Re: The E-Bomb

From: Mike Lorrey (mlorrey@datamann.com)
Date: Fri Nov 09 2001 - 09:37:11 MST


Brian D Williams wrote:
>
> >From: Anders Sandberg <asa@nada.kth.se>
>
> >The EMP got you? :-)
>
> >I guess you mean http://www.infowar.com/mil_c4i/mil_c4i8.html-ssi
>
> My ole buddy Winn Schwartau. Be sure and see the book "Information
> Warfare" (second edition) by same.
>
> Hey Mike L, why don't you re-tell your HERF gun story?

Yeah, okay:

I was a low rank dweeb in the USAF, working as an electrician on fighter
jets (F-15s) when I came across a funny little book at a mall in Tacoma
by a fellow named Thomas Pawlicki titled "Build your own UFO". Thomas
lived up in Victoria, BC, so on sightseeing trip up there, I looked him
up to ask some questions about his writing. As a result, he clued me
onto a bunch of US patents by various people like TT Brown, Alexander de
Severski, etc which I found interesting but not entirely convincing.
This was the late 80's and I'd always had a lighthearted interest in
UFOs and the possibility of extraterrestrial life. Goode's "Above Top
Secret" had come out and all the talk about the Majestic 12 and Area 51
and Roswell was coming out and had not been debunked at all. I knew
several fellows who had previously served in Area 51 who said they'd
seen stuff there that made the stealth fighter look like a WWI biplane.

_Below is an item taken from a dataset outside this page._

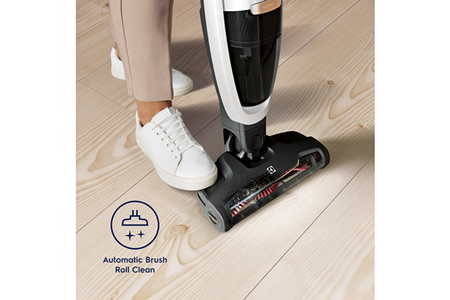 Aspirateur balai Electrolux WQ81-Palrg, nettoyage de la maison, vue de face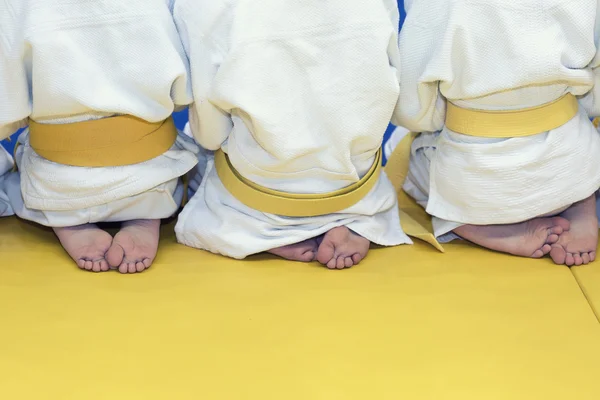 Grupo de niños en kimono sentados en tatami en el seminario de formación en artes marciales —  Fotos de Stock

Anyways, as a result of all this, I got interested in playing with very
high voltage devices. I built an HV power supply that generated 150,000
volts and a model of de Severski's 'Ionocraft' which I powered by
umbilical cord with the HV power supply, and was able to make it fly
around the barracks to the amazement of others (high enough to not be
ground effect, but only a few feet when the weight of the umbilical
exceeded the thrust of the ionocraft.)

I obtained a copy of Information Ulimited's publication "Phazers,
Lasers, and other Space Age Devices" (where I had obtained the plans for
the HV power supply), which also had plans for a herf generator of
rather tame capacity. I took their plans and essentially scaled things
up a bit based on some tricks I'd learned are used in military radar
jammers (which I'd once witnessed had spectacularly fried the radar gun
of an MP who wasn't thinking things through in trying to clock an F-15
flying overhead).

I obtained some surplus equipment from Boeing Surplus Co. (a very cool
place to shop, south of Seattle) in the order of some thermos sized
charge capacitors and a large directional radio horn that is essentially
a larger version of what you find in a radar detector. I bought a bunch
of surplus radar detectors, hand held radios, and other cheap electronic
devices to use as my 'crash test dummies'.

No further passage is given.